• Member Since 10th Jul, 2011
  • offline last seen Jan 18th, 2016

The Great Turnip


E

Things have not been going well for Twinkle, newly appointed student of Equestria’s beloved Princess. Not only has her idealised perception of Canterlot appeared to be completely incorrect, but she has also had to endure a devastating combination of illness and loss of control of her magical abilities. Thankfully, the Princess is at hand to distract Twinkle's worries with a tale of the much hated Elements of Harmony, which she claims is designed to teach her the methodology of control. But as the Princesses’ tale continues, it becomes clear that both the true meaning of this story and the Princesses’ intentions for telling the story are far deeper than Twinkle had originally believed...

Chapters (1)
Comments ( 23 )

Very nice, very well written.

I can't wait for the next chapter!

This is excellent. Can't wait for chapter two.

You have a very interesting framing device for this story, one that gives it quite a bit of ambiguity and mystery to the succeeding tale. It certainly makes for a great deal of questions.

The style, however, is something that rubs me somewhat the wrong way as it comes across as oddly pompous and overly verbose in parts (something which, I must admit, does seem to be well grounded in the narrator).

It still reads quite well (so you may well attribute this criticism to be a niggling little gripe on my part) and it is most certainly an intriguing start.

19 Glad you enjoyed it! As for the next chapter, I plan to begin writing it once my summer holidays finally begin (give or take 5 days), I'm currently adding more depth to my plan for the basic plot.
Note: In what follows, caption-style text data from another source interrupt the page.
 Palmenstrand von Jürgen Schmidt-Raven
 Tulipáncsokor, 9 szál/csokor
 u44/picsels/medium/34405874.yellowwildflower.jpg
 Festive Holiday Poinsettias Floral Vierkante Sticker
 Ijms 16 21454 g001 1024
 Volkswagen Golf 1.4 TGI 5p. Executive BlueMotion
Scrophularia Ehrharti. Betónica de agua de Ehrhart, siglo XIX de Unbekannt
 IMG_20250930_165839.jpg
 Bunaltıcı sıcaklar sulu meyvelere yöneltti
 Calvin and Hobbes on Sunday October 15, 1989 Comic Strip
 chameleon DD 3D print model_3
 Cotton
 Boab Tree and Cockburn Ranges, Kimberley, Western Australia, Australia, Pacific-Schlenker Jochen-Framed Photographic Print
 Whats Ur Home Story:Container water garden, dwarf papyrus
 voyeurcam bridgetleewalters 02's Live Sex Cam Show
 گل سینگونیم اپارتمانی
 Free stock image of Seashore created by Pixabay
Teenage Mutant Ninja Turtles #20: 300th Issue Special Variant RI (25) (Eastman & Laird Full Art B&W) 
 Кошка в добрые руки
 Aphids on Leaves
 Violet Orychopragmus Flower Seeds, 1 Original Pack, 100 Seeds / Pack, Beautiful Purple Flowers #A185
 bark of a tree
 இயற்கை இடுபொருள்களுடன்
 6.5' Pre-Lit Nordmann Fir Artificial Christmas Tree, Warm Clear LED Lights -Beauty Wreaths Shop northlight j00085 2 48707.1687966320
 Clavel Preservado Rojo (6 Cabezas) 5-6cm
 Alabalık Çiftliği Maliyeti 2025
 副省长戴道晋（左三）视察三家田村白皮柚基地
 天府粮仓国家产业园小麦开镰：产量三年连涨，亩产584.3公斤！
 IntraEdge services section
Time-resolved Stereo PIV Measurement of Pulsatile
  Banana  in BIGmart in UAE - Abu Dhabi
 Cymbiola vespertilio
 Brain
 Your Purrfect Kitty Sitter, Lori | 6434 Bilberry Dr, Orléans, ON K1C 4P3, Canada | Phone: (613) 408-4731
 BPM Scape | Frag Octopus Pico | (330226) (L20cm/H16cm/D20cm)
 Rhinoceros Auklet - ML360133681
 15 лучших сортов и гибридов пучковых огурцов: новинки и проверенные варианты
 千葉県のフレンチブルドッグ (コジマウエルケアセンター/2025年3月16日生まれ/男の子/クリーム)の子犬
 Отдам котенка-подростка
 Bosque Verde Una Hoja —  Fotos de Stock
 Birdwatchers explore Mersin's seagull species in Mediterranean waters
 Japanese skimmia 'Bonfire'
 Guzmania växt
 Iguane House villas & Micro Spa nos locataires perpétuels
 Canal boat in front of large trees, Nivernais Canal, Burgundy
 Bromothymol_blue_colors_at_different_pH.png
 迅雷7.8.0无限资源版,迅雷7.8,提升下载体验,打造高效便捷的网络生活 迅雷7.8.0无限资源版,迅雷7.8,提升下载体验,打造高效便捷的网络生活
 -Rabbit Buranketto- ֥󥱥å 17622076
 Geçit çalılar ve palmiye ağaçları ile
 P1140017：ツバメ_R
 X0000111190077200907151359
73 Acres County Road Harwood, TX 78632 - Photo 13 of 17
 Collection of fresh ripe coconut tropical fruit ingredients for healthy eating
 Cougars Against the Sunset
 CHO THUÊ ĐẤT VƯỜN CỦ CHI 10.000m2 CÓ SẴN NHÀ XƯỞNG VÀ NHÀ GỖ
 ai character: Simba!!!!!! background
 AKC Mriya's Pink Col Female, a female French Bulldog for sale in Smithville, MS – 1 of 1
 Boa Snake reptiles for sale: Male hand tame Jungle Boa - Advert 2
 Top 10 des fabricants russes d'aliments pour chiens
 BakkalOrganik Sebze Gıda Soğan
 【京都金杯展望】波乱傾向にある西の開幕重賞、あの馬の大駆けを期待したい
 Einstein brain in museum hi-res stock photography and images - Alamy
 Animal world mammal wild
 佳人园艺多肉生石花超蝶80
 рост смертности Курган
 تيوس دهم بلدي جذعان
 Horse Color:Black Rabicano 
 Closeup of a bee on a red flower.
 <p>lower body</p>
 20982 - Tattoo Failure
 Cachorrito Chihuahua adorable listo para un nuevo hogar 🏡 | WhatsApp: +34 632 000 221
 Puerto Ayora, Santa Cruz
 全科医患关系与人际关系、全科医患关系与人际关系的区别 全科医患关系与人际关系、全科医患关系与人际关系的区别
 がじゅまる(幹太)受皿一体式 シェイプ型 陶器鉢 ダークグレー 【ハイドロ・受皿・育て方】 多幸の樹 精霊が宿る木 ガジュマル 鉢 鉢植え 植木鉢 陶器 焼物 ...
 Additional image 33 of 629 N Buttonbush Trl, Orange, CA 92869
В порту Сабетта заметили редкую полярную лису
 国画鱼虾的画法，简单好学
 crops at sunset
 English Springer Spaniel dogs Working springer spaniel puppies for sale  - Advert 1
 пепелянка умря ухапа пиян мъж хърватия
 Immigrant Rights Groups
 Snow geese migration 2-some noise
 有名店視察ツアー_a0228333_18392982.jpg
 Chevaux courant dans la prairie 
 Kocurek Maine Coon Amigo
27 Again, nice to know you enjoyed it, I'll have the next chapter ASAP

214 Thanks for the in depth criticism! And yeah, the whole pompous writing style was deliberate in establishing Twinkle's personality - I've always found flawed and unlikeable narrators the more fun :P The next chapter will be written slightly more objectively, as it'll mostly be an account of the Princess' tale (albeit through the eyes of Twinkle). Thanks again!

I noticed you never mentioned the Princess's name. Does this mean it's a different name? Like maybe...TWILIGHT? Is she the princess or is it still Celestia?

This was really cool though. Very nice.

I like the high level of grammer used! Very nice and can't wait for next, ^^

After reading the reviews thus far, I'm glad to see that the overly grandiose diction was something you chose to do rather than your usual mode of writing. Still rubbed me the wrong way, but only when the Princess was speaking. It just felt so out of character... but then, that's the fun of an unreliable, flawed narrator.

Knowing what I do now, I look forward to more.:pinkiehappy:

25531 Huh, I totally noticed that too! Funny, that.
28440 Yeah, grammar is totally my strong point, let's just hope that the storytelling will match it :P
30556 Yep, don't worry too much about the diction, as you figured out, it's only being used to suit the character. As for the Princess acting out of character...you appear to be assuming something about the identity of the Princess... but yeah, the anon. Princess' dialogue is being somewhat formalised by Twinkle.
47076 Wouldn't call it a series quite yet...but hopefully it'll evolve into more than a prologue sometime in the not-so-distant future
47076 Yes sir/ma'am! Please don't hurt me, sir/ma'am! I'll do my very bestest sir/ma'am!

Yeah, thanks for the comments guys, I'm going to try use these as a basis to work my way out of writer's block. To cut a long story short, I'm trying to work out a few niggles in the overall plotline and encorporate the bright humor of the show with the serious motif of the story.

47185

Don't worry, I won't hurt you. :pinkiesmile:

That would get in the way of you doing the story. :pinkiecrazy:

WRITE MOAR!

I now want to know why the Elements of Harmony are hated.

Please, may I have moar? :fluttershysad:

287
How long is five days now?

This was great~ ^^

Great start!

Looking forward for the next chapter :)

Please write more! or else Flutter will :fluttercry: PLEASE! MUST HAZ MOAR

4186 Indeed... please explain ohwriter of the ancient story

5140006 This story is years old. I don't think there is a next chapter.

5394902 I am fairly sure that this is in fact the very first story ever completed on fimfiction. Ironically its not necassarily complete but simply the first published story. It will unfortunately most likely never be completed despite its status as practically being a relic of fimfiction, the first story.

1980784 About 179 weeks more than that.